Slimane’s layoff from a job he’s had for decades is just one tumbling domino; others include his hesitant relationship with his landlady (whose daughter, played by the saucy, relentless Hafsia Herzi, is his most loyal comrade), a philandering son’s ruinous marriage to a Russian immigrant, the ex-wife’s love/hate regard for Slimane, the vagaries of bureaucracy surrounding docking rights, Slimane’s plan to open a North African restaurant using a dilapidated ship and his ex-wife’s cooking, and the question of couscous, made, praised, maligned, eaten, lost, and restored.

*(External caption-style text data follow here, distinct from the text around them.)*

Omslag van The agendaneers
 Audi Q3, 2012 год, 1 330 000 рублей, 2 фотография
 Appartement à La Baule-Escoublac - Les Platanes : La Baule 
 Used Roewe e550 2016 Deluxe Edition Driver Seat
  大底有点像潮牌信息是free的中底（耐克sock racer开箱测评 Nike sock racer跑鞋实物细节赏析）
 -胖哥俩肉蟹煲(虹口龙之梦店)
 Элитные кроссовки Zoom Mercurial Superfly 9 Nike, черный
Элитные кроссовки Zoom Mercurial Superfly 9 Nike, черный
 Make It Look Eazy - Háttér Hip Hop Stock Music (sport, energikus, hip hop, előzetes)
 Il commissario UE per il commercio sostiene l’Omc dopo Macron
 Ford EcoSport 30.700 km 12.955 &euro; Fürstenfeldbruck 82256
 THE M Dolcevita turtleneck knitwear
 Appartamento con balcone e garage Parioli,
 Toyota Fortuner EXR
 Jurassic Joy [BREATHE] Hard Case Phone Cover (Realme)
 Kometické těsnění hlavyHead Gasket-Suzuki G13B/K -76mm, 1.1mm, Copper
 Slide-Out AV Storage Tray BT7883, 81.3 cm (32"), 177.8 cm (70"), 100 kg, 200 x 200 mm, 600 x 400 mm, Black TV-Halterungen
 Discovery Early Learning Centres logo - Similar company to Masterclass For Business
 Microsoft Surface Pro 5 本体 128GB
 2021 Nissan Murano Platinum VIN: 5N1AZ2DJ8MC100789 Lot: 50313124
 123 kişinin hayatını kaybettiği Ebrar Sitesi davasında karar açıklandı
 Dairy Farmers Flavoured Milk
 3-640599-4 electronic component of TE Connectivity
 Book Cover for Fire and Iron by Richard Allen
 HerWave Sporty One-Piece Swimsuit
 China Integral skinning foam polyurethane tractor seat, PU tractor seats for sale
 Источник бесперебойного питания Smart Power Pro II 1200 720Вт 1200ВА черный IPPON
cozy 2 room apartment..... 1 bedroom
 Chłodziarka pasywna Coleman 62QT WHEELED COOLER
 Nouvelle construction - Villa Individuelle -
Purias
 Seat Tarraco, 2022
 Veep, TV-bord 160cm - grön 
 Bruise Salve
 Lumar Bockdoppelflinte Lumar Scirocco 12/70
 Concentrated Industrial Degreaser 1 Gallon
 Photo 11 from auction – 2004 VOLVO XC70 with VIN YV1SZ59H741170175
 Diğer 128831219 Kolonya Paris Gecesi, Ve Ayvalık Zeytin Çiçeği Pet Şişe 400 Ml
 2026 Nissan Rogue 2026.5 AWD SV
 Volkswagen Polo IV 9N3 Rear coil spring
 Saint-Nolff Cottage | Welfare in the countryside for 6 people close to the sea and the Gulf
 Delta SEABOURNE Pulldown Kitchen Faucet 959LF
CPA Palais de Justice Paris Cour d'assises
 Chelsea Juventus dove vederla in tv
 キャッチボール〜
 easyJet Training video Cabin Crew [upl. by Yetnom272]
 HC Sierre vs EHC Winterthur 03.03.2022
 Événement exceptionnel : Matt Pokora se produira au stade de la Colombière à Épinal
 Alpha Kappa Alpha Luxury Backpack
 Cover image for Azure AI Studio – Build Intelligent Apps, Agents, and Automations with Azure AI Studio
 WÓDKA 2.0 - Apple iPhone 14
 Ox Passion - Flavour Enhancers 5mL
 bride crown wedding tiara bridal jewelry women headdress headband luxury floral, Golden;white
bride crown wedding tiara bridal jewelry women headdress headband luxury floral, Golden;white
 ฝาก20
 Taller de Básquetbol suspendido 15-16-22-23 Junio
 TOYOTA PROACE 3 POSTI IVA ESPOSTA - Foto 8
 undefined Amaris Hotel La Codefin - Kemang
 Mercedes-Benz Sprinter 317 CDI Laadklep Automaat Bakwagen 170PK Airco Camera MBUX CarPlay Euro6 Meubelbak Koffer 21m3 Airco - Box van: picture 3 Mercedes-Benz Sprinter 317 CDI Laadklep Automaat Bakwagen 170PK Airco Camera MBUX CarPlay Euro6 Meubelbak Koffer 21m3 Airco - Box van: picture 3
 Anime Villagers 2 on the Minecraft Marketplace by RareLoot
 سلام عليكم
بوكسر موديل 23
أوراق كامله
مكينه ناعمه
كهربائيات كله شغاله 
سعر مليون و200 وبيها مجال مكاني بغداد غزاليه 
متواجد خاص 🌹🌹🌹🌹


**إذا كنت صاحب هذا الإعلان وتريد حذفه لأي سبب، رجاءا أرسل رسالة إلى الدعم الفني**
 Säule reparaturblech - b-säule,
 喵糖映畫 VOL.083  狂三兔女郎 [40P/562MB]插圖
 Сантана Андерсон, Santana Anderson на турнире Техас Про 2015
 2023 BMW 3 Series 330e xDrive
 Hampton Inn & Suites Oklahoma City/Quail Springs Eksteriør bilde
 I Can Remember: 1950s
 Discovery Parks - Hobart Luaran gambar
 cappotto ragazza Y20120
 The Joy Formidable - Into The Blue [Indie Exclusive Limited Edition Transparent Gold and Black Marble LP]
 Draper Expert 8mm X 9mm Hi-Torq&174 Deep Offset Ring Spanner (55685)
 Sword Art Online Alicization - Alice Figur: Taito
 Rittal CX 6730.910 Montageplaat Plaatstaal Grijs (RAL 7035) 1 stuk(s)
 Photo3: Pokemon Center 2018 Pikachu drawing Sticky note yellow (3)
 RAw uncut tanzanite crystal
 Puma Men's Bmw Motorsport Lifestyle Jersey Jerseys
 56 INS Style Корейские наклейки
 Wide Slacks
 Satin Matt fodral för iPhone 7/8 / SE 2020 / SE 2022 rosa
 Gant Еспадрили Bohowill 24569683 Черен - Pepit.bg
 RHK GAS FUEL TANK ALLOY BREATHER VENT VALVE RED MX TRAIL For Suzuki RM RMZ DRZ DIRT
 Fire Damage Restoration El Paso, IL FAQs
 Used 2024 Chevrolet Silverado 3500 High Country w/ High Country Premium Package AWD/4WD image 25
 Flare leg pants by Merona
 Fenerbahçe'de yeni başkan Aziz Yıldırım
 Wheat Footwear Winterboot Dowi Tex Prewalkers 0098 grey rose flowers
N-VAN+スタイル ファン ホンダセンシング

At over two-and-a-half hours, Kechiche’s film covers an enormous amount of cultural territory, but it never rushes. Rants and ordeals and meals are experienced in more or less real time, with the first late afternoon family meal lasting an extraordinary 20 minutes of laid-back, jabbering, mouth-stuffing conversation.
The movie has no shortage of life energy, honestly come by, and characters are matter-of-factly introduced midway without context or trouble — it’s a real world, Kechiche is saying, and there are people in it you don’t yet know. We become intimate enough that when the film boils down to prepping and staging Slimane’s introductory special dinner -= meant to impress the locals and grease the bureaucratic wheels — the suspense dripped in, as we anticipate something going horribly wrong, is almost unbearable.
The final half-hour is crucifying in its anxiety and ironies, and lends what could’ve been in less ambitious hands a gritty ethnic street drama a sense of tragic grandeur.